- _Exercise instructions_
A verbatim copy of the listing is needed; pictures are to be left out.

- _Material supplied_
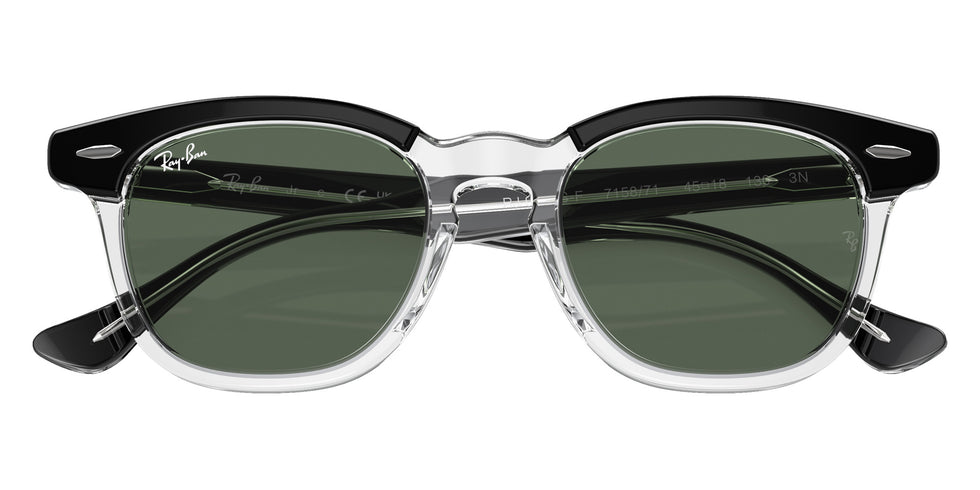 Ray-Ban® RJ9098SF RJ9098SF 715871 47 Sunglasses - Black On Transparent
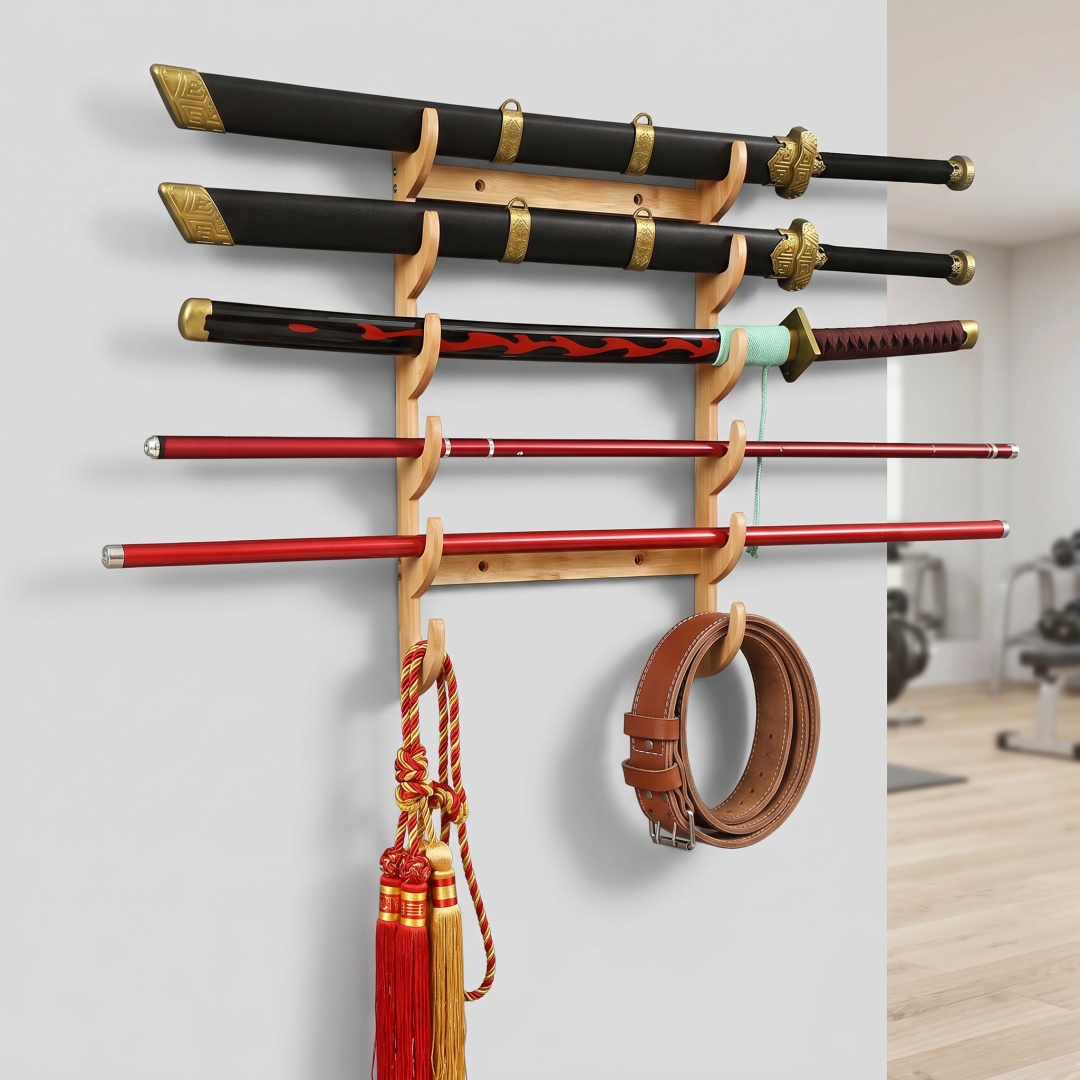 8-Layers Wall Sword Storage Sh - Cosplay Prop Katana review and price
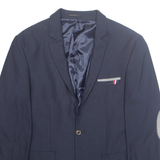 Mens Blazer Jacket Blue L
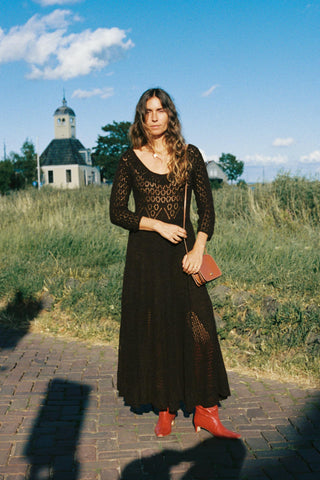 The Marjorie Dress | Chocolate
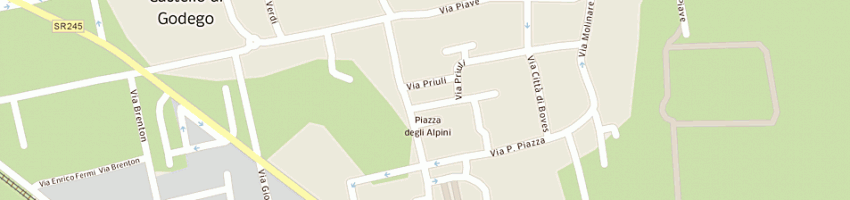 Mappa della impresa casa riposo di meano a SANTA GIUSTINA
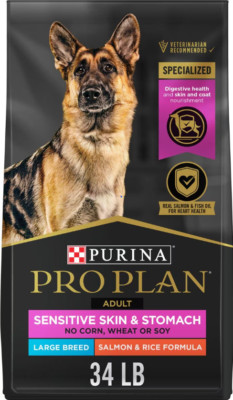 Purina Pro Plan Sensitive Skin&Stomach Salmon Adult Large Breed Dry Dog Food,34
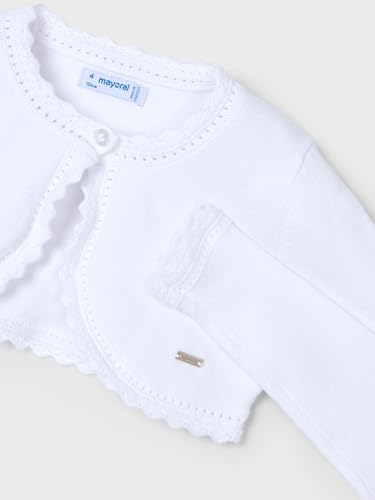 Mayoral Basic Knit Bolero for Girls White3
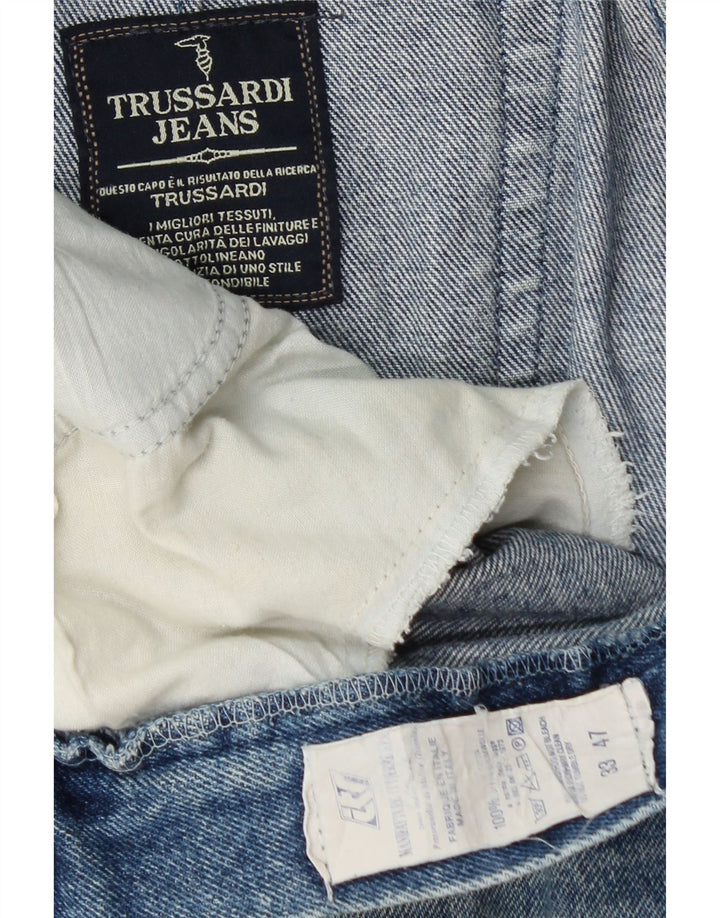 TRUSSARDI Ženske sužene traperice W33 L30 Plavi pamuk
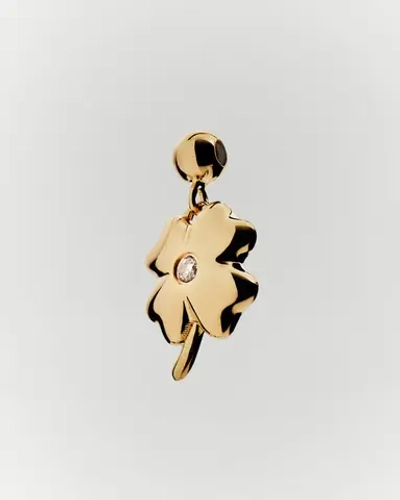 Подвеска-шарм Clover серебро 925 пробы покрытое золотом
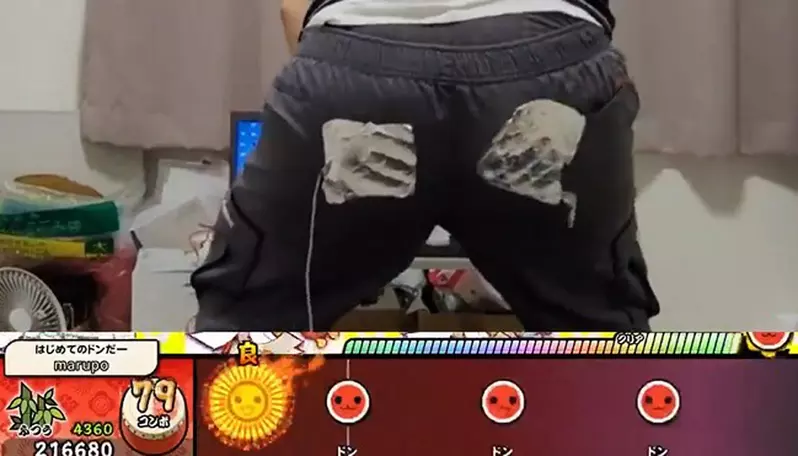 《太鼓達人變成屁鼓達人》剛好人的屁屁有兩瓣，天底下怎麼會有這麼剛剛好的事情呢？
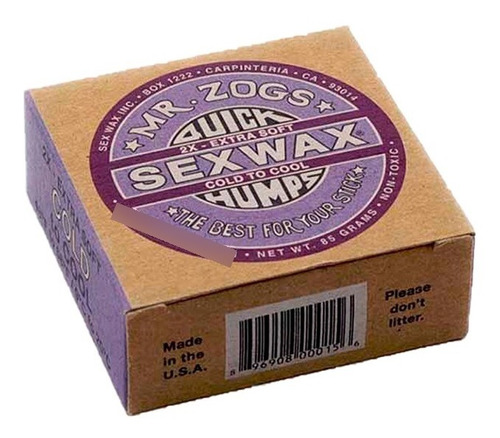 Cera Sexwax Quickhumps Cold To Cool Sello Morado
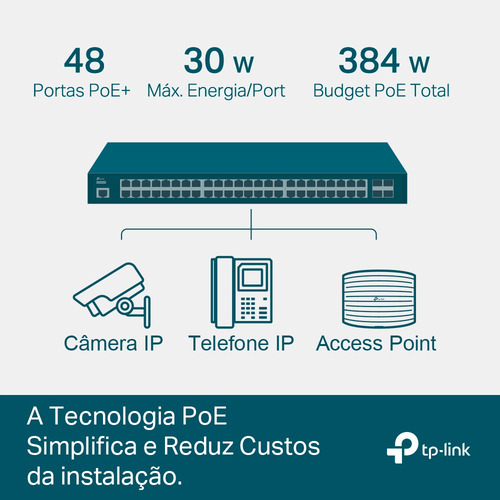 Switch 48p T1600g-52ps Tl-sg2452p Jetstream 4 Sfp Tp-link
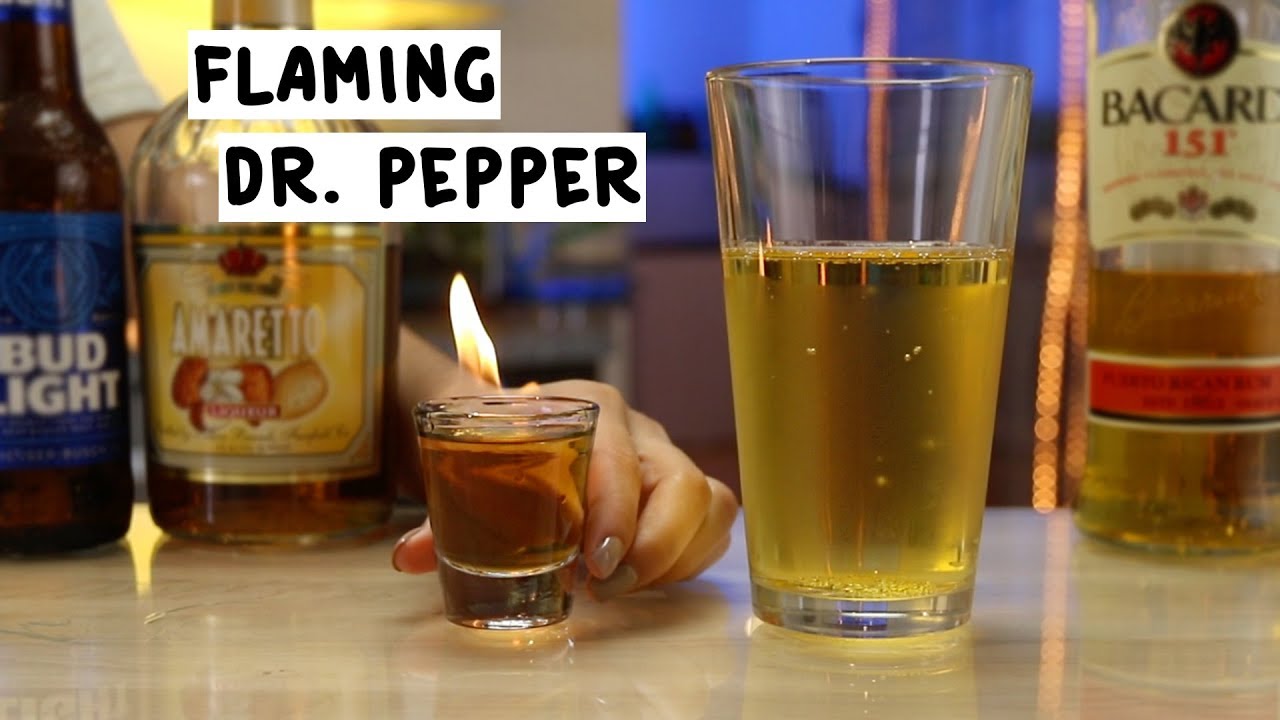 flaming dr pepper tipsy bartender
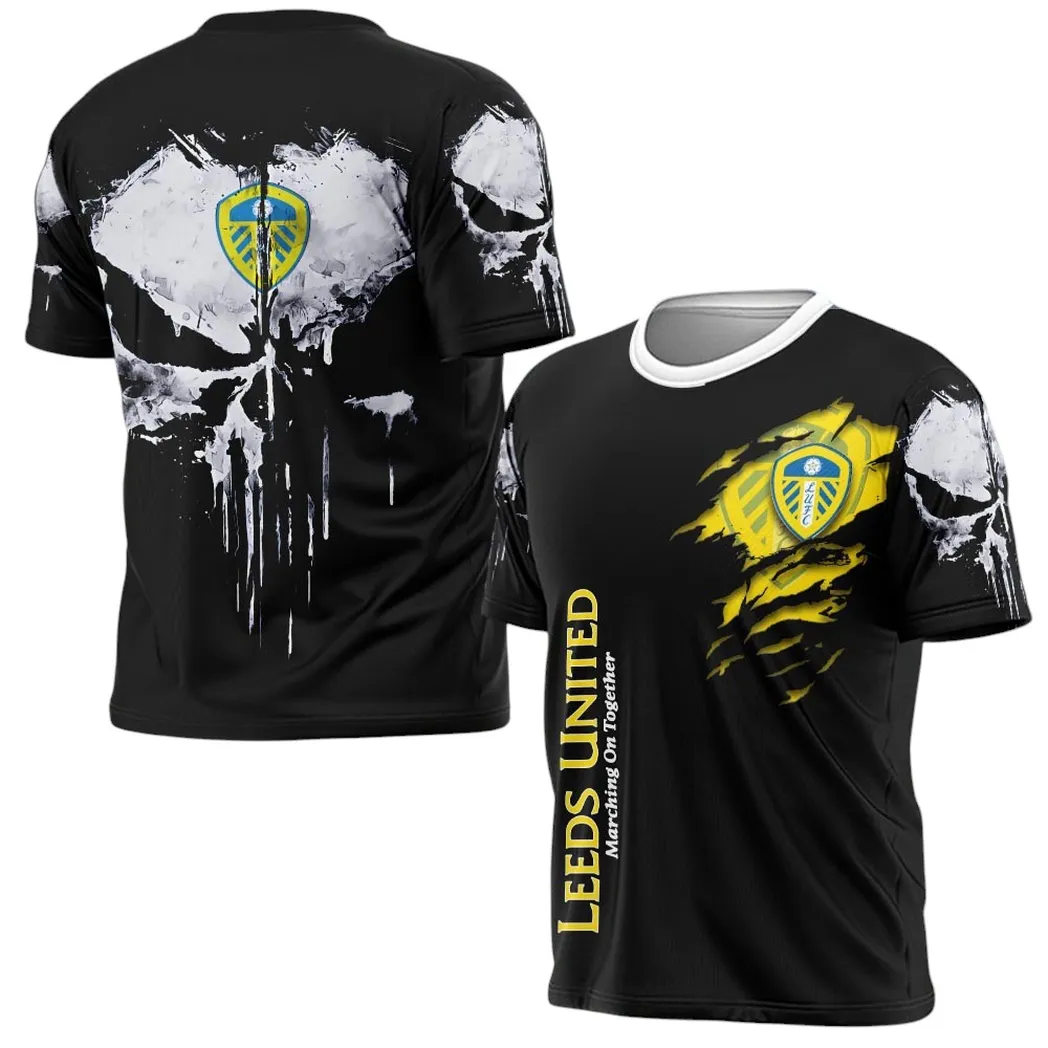 Football Crew T-Shirt, All Over Print Tee For Loyal Sport Fans SPO171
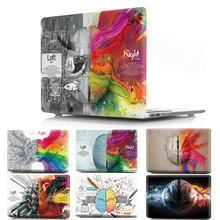 Чехол с принтом для Macbook Air 13, чехол для ноутбука A1446, жесткий ПВХ с мультяшным мозгом, защитный чехол для Macbook Air 11 13, чехол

- _Exercise result_
 Ray-Ban® RJ9098SF RJ9098SF 715871 47 Sunglasses - Black On Transparent
 8-Layers Wall Sword Storage Sh - Cosplay Prop Katana review and price
 Mens Blazer Jacket Blue L
 The Marjorie Dress | Chocolate
 Mappa della impresa casa riposo di meano a SANTA GIUSTINA
 Purina Pro Plan Sensitive Skin&Stomach Salmon Adult Large Breed Dry Dog Food,34
 Mayoral Basic Knit Bolero for Girls White3
 TRUSSARDI Ženske sužene traperice W33 L30 Plavi pamuk
 Подвеска-шарм Clover серебро 925 пробы покрытое золотом
 《太鼓達人變成屁鼓達人》剛好人的屁屁有兩瓣，天底下怎麼會有這麼剛剛好的事情呢？
 Cera Sexwax Quickhumps Cold To Cool Sello Morado
 Switch 48p T1600g-52ps Tl-sg2452p Jetstream 4 Sfp Tp-link
 flaming dr pepper tipsy bartender
 Football Crew T-Shirt, All Over Print Tee For Loyal Sport Fans SPO171
 Чехол с принтом для Macbook Air 13, чехол для ноутбука A1446, жесткий ПВХ с мультяшным мозгом, защитный чехол для Macbook Air 11 13, чехол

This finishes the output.